#### What the exercise asks
How do the lines below between the ones holding "Боксшы Мұхамедсабыр Базарбайұлы" and "Load image into", inclusive, read? Give them again exactly, with no other lines.

== Input for this task ==

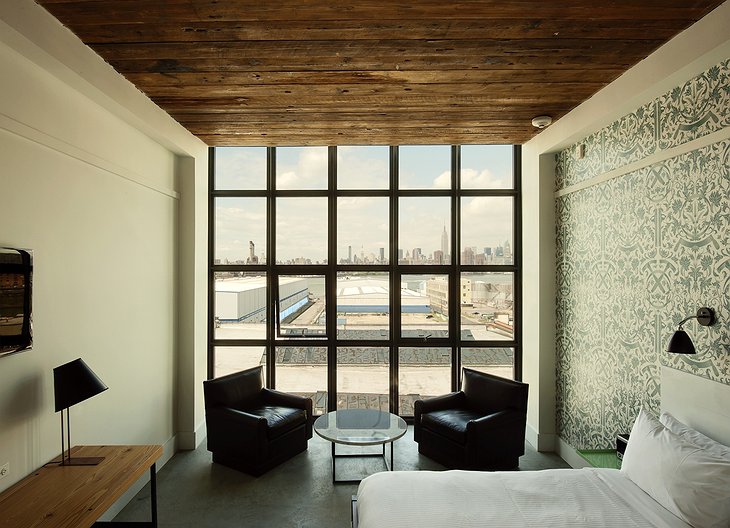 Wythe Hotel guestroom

===
== Input for this task ==

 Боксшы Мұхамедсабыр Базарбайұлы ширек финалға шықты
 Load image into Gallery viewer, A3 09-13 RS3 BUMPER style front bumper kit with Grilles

===

#### Task response
 Боксшы Мұхамедсабыр Базарбайұлы ширек финалға шықты
 Load image into Gallery viewer, A3 09-13 RS3 BUMPER style front bumper kit with Grilles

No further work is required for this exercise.